• PROBLEM REQUIREMENTS
As soon as the line containing "emekliler-tiyatrosu-etimesgutta-yeni-bir-sanat-dalgasi" appears in the material below, start returning lines exactly, and end with the line containing "Шкаф в туалете за унитазом".

• TASK INPUTS
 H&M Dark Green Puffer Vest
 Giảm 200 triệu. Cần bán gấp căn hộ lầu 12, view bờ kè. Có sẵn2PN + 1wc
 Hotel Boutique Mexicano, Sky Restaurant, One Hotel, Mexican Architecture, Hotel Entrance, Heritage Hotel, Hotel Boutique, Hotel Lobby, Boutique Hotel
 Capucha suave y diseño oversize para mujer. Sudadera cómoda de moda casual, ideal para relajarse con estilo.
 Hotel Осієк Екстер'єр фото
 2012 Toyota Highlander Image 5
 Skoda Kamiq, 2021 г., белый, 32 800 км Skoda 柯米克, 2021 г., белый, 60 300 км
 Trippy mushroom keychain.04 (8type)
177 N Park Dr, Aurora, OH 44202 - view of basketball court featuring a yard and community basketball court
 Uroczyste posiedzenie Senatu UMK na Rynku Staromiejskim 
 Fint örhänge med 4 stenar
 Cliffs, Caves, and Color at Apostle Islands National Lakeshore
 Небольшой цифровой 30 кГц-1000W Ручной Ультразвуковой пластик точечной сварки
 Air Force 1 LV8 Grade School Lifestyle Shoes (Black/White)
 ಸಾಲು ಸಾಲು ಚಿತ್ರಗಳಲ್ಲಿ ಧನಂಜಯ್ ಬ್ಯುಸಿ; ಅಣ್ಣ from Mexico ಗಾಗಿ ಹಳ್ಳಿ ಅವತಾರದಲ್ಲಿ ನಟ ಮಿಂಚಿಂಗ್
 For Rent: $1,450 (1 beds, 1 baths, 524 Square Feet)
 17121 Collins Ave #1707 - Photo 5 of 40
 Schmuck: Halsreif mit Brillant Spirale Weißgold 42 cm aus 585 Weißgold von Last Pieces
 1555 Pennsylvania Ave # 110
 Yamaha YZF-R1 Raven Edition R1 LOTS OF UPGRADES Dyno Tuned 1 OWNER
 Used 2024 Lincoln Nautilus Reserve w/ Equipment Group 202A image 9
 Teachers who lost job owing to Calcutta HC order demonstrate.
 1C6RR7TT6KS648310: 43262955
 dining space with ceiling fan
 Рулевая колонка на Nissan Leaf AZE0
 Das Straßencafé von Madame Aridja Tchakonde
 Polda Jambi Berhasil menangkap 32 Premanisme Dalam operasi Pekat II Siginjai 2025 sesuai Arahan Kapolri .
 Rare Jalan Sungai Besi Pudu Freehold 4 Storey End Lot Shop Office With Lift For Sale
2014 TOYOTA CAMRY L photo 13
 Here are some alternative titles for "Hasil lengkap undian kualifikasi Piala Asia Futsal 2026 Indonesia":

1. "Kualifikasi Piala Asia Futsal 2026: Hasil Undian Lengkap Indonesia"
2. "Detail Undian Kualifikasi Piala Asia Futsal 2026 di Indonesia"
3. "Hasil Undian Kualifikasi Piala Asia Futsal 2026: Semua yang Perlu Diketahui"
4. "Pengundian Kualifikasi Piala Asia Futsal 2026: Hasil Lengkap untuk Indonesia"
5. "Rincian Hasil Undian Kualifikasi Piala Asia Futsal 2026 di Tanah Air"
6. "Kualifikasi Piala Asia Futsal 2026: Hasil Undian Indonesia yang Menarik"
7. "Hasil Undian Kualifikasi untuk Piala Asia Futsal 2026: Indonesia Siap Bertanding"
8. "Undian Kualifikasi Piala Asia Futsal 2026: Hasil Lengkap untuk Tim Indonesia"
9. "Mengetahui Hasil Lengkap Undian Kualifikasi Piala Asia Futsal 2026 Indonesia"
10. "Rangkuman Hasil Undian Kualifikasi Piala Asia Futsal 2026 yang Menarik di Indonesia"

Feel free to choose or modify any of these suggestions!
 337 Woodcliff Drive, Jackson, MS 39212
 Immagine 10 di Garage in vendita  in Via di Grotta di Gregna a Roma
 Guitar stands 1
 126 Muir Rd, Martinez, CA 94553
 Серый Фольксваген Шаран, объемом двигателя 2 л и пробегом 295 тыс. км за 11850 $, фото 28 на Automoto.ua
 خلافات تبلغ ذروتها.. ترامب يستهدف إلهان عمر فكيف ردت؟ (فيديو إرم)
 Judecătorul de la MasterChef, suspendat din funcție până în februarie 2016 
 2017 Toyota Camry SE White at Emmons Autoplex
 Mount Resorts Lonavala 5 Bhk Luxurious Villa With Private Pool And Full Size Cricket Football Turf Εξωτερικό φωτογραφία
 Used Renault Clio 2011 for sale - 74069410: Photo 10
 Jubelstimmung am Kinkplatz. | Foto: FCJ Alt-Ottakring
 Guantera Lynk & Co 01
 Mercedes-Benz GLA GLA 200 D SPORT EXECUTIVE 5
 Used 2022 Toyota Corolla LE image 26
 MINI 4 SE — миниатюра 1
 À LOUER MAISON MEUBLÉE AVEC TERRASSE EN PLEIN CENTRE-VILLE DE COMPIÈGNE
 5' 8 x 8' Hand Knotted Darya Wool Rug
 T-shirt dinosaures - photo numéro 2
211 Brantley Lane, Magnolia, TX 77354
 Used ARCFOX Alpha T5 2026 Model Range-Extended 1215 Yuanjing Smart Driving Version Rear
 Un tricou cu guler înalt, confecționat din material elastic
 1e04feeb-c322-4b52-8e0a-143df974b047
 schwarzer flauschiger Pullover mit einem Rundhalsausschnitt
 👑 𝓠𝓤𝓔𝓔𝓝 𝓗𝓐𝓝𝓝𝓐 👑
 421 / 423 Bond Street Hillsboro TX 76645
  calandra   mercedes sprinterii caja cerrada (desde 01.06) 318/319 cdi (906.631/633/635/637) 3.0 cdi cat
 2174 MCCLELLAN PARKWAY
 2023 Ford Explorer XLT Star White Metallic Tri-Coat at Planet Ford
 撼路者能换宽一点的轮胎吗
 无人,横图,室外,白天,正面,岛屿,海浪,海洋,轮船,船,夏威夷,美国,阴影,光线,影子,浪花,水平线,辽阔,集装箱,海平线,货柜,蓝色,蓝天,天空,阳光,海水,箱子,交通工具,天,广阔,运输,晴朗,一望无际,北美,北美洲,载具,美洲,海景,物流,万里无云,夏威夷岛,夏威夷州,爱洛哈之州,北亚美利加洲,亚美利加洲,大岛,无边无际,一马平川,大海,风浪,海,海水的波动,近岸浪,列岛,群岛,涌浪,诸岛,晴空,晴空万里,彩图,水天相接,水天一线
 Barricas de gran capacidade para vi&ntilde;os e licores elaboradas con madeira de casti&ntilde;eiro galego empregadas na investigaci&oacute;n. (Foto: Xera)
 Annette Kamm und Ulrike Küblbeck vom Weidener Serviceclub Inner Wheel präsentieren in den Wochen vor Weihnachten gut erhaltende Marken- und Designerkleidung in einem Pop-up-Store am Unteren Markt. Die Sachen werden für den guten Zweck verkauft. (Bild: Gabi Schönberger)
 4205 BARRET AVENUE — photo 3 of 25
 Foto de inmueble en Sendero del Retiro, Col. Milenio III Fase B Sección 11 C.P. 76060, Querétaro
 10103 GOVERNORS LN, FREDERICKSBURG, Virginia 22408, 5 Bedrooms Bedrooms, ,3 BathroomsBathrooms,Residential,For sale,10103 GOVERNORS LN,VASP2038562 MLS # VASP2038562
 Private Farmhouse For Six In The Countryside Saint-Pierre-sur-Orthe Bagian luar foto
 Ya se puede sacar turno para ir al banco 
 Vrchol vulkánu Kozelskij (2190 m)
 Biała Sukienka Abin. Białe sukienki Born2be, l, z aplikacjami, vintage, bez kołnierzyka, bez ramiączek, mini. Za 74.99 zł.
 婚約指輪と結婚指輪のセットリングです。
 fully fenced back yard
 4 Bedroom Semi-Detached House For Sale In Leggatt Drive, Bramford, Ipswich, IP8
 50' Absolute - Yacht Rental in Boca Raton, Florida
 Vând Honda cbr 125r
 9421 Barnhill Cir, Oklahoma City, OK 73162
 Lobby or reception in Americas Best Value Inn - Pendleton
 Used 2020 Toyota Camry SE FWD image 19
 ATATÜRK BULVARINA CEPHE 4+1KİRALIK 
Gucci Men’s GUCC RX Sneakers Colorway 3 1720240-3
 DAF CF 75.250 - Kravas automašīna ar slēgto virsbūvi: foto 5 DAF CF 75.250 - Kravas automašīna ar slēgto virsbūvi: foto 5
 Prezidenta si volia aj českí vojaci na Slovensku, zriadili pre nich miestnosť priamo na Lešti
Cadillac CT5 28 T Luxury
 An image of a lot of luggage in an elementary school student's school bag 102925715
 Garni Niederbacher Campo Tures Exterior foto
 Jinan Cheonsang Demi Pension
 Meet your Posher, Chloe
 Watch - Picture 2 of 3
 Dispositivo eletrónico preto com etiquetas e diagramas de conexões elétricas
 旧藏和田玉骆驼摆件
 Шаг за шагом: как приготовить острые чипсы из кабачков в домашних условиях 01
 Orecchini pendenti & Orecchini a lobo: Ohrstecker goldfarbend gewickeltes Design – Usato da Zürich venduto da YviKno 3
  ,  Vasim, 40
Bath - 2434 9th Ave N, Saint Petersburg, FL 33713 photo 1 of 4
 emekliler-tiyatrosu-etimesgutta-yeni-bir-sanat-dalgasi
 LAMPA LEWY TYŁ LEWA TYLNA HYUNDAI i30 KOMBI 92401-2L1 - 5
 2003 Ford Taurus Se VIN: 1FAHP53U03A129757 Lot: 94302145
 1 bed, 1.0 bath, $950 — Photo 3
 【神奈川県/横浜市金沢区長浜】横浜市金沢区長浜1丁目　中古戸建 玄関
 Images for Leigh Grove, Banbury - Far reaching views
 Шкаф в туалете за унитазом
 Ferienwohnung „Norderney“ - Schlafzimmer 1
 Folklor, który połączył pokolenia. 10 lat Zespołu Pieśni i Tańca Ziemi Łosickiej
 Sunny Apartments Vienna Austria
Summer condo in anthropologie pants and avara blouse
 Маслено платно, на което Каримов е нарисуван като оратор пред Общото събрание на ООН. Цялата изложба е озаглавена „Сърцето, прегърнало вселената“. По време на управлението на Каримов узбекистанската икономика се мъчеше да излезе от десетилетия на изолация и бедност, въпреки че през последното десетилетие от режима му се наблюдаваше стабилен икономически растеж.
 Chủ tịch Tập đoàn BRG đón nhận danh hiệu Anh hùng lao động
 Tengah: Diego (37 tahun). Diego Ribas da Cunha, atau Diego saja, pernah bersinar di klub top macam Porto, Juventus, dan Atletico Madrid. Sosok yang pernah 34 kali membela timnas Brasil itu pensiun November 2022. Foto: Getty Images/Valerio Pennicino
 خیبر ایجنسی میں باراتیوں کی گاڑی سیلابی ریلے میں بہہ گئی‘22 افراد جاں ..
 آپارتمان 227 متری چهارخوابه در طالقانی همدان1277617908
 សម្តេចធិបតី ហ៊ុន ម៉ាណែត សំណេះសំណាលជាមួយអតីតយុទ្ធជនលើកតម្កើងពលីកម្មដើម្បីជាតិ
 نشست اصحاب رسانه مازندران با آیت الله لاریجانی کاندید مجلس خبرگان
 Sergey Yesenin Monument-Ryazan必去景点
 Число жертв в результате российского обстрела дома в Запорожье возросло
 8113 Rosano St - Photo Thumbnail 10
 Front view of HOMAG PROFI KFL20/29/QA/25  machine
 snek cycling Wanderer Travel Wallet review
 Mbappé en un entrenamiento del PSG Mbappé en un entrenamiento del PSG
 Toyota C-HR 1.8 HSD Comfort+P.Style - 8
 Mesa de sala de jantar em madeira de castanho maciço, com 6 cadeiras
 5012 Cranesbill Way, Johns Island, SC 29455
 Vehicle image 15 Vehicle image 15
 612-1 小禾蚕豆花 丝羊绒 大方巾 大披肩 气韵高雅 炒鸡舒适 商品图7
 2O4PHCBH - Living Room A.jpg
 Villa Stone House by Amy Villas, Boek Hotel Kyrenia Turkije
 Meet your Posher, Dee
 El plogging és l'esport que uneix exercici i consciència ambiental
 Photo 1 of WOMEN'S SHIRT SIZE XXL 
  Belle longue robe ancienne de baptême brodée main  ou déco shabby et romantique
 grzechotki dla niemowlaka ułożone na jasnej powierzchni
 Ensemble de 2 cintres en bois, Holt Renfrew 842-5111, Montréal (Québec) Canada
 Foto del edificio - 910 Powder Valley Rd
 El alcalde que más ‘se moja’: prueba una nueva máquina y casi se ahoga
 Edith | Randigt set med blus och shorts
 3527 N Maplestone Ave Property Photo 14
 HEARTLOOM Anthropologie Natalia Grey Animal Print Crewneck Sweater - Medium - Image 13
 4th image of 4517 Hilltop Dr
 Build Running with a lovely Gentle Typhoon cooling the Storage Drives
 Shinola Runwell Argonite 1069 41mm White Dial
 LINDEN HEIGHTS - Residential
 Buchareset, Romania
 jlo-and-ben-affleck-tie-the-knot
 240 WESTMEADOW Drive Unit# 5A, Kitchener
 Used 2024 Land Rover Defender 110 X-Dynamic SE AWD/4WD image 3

• YOUR SOLUTION
 emekliler-tiyatrosu-etimesgutta-yeni-bir-sanat-dalgasi
 LAMPA LEWY TYŁ LEWA TYLNA HYUNDAI i30 KOMBI 92401-2L1 - 5
 2003 Ford Taurus Se VIN: 1FAHP53U03A129757 Lot: 94302145
 1 bed, 1.0 bath, $950 — Photo 3
 【神奈川県/横浜市金沢区長浜】横浜市金沢区長浜1丁目　中古戸建 玄関
 Images for Leigh Grove, Banbury - Far reaching views
 Шкаф в туалете за унитазом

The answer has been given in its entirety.